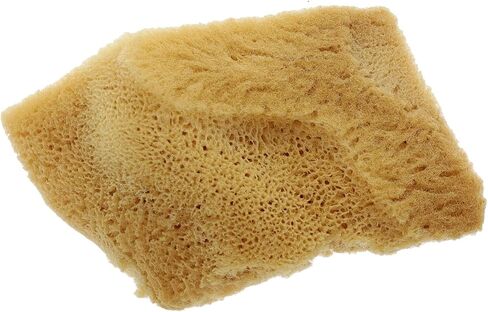PRO ART Natural Sponge in Kuwait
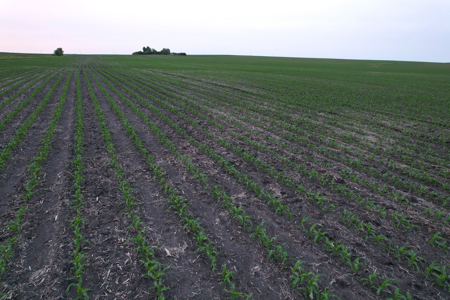 Greene County Iowa Farmland Auction - image 26
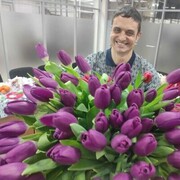 ���������� ����������, ���� ������� ������, 38 ���, ������������ ��� ������, ����� � ���������, c�������� ���������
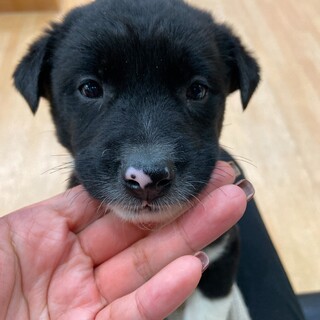 プクプクムッチリ曙くん☆家族を探してます。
-----
▸ **HOW TO COMPLETE THIS TASK**
Please copy the data shown above, line by line and exactly, omitting the images.

▸ **ANSWER TO THIS TASK**
PRO ART Natural Sponge in Kuwait
 Greene County Iowa Farmland Auction - image 26
 ���������� ����������, ���� ������� ������, 38 ���, ������������ ��� ������, ����� � ���������, c�������� ���������
 プクプクムッチリ曙くん☆家族を探してます。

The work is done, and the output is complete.